Tommy is joining the cast of Seriously Dead, which also stars Billy Pearce and Crissy Rock, a comedy drama that will tour the UK for many months ahead.

He smiles: “It’s all very different from the act that Bobby Ball and I do, which is structured but also fairly free-wheeling. Bobby still surprises me, even today, doing something that is completely spontaneous. You know something? We’ve been a double act for fifty-five years now, which surely must be some sort of record.

“A stage play means learning lines, for a start - lots of them - and, of course, sticking to them. You can’t wing it and go off-course. The rest of the cast would never forgive you!

"It’s been written by a lass called Leah Bell, who – full credit to her – is also in the cast, and also produces it. In fact, I’d be hard put to it to think of what Leah hasn’t done!

"We met, years back, in Jersey, when we were all doing summer season together. Those days, a summer season would go on for 20 and more weeks, playing to good houses all the time.

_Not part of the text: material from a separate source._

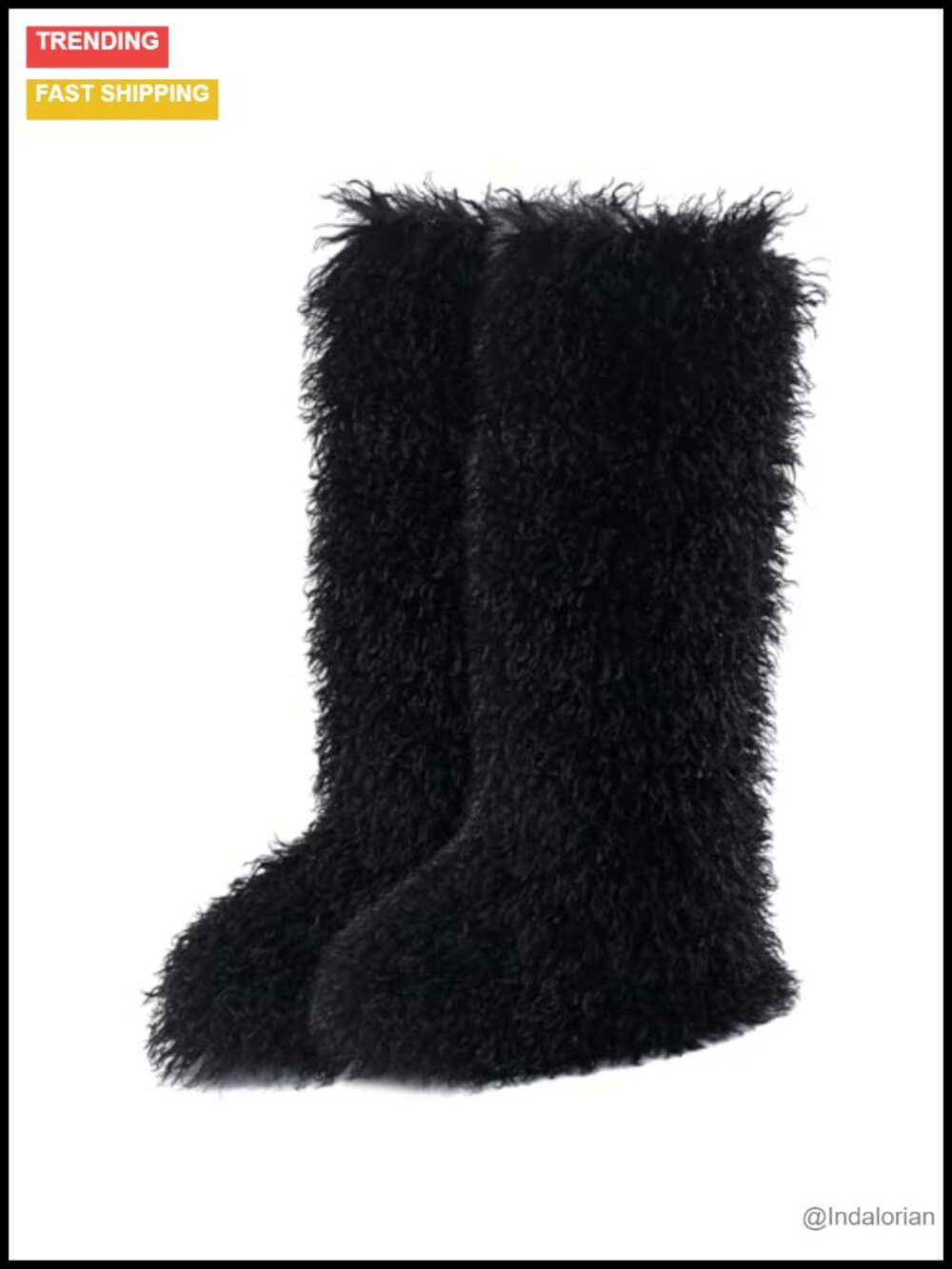 Faux Fur Tall Furry Knee-High Winter Boots Slip-On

Then you’d have a few weeks of variety, or some clubs somewhere, and after that there would be at least two months of pantomime. Your year was planned out in advance.

“That doesn’t happen now, more’s the pity, but Leah and Bob and I got on like a house on fire, and we always kept in touch.

"Then, earlier in the year, and out of the blue, I got a call from her, and I thought, ‘It’s new, it’s a great script, and people love it, so… let’s go for it!”

He’s playing the small-time crook and ladies’ man Albert Blunderstone, who, says Tommy, “is best summed up as a bit of a northern Del Boy”.

Asked if he was apprehensive about acting in this new venture without Bobby Ball, Tommy said, “I’ll have a crack at anything, as long as the offers keep on coming.

"You know the two saddest words in the English language? They are ‘if only’. When someone gets to a certain age, and they look back and they sigh and say ‘If only I’d done this… or that’. Of course everyone makes mistakes, but you have to learn from them. That’s the way forward.”

All this from a man who, incredibly, celebrated his 80th birthday in June. “I know”, he laughs, “I can’t believe it either. But it’s true, and I am very blessed, I know that all too well!”

Tommy Derbyshire met Bobby Ball (born Robert Harper) “more years ago than either of us care to recall. We were both working for a manufacturing firm over in Oldham, and I was the new boy – I turned up, and about 500 blokes walked past me without a word.

"Until this little guy went across, and he said ‘Hello, cock, ‘ow are you?’ The only one who actually spoke to me! And that was it. We became mates,

Cannon and Ball’s act was forged in the working men’s clubs of the day, “and we very much learned ‘on the hoof’. It was tough, but it was a brilliant way to learn your craft, what worked and what didn’t.

"I remember very early on we played a North-East audience, Sunderland way, and we were paid off. We were so broke that we actually picked the dog ends out of the ashtrays as we left.

"We stopped the car a few miles down the road, and we looked at each other and we thought over what had happened. We said to each other, ‘Look, we have three more gigs left, we’ll do those, and if they are disasters, we’ll throw in the towel, call it a day.

"What happens? We stormed every one of them, they couldn’t get enough of us!”

Their big break came just as the 70s slid in to the 80s. “It’s an indicator of how tastes change”, says Tommy, “because one minute, every town of any note had at least one decent cabaret club that was thriving, and the big names played them all, and then, almost overnight, the audiences were deserting them, and they were closing.

"Just as that happened, we were offered a three-year contract by London Weekend... and we stayed for many years more! Fate was with us, and we couldn’t have timed it better.”

He admits with a chuckle that he still gets one of the Cannon and Ball catchphrases shouted after him. “If I had a fiver for every time someone has yelled out ‘Rock on, Tommy’ at me, Hazel and the kids and I wouldn’t be living in Great Ouseburn, we’d be able to afford to live in style in Barbados, believe me!”

Seriously Dead, Blackburn Empire Theatre, Sunday, October 14, and Oswaldtwistle Civic Arts Centre, Thursday, October 25.